Although one should employ a cable band around the section of the wire rope being cut so that any wire fragment produced during cutting will be retained, impact-type wire rope cutters are sometimes used without cable bands. Since these hammer-action, wire rope cutters depend upon a chisel to shear the wire, it is possible for the chisel to rebound off the rope during the cutting process and start a second cut longitudinally displaced on the rope a slight distance from the first cut. The result can be the severing of small wire fragments from the rope. As will be understood, such severing takes place at the time of impact by the chisel cutting blade, and the fragments can fly away or off of the rope at a high enough velocity to be potentially dangerous.

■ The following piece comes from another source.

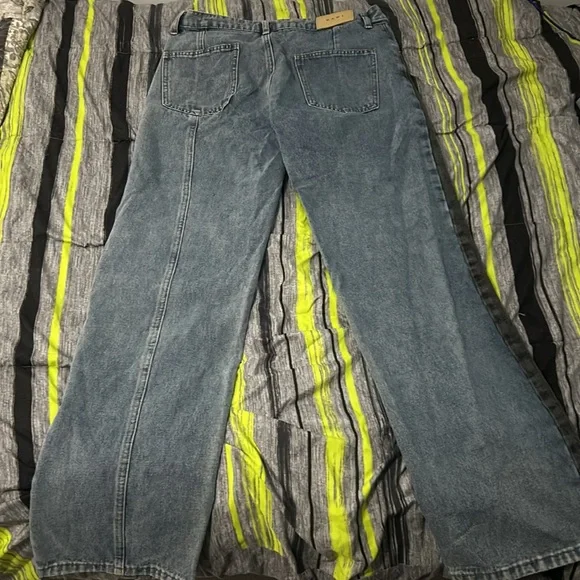 Jeans - Picture 2 of 3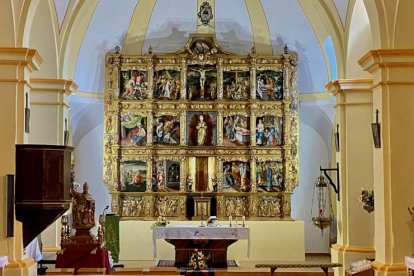 El retablo mayor de la iglesia de San Pedro Apóstol responde a los cánones del renacimiento castellano. La estructura, los relieves y la talla de San Pedro datan del siglo XVI y las tallas del Calvario y la Virgen del Rosario, del XVII. RAMIRO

The tendency is for wire fragments to be expelled from or fly off of the wire rope in a near vertical direction along one side of the cutting blade. While proper use of the impact-type wire rope cutter will not produce fragments, and while many fragments which do result will be small, low speed or strike a part of the cutter, occasionally a high speed fragment will be directed upwardly toward the user in a manner which can be dangerous.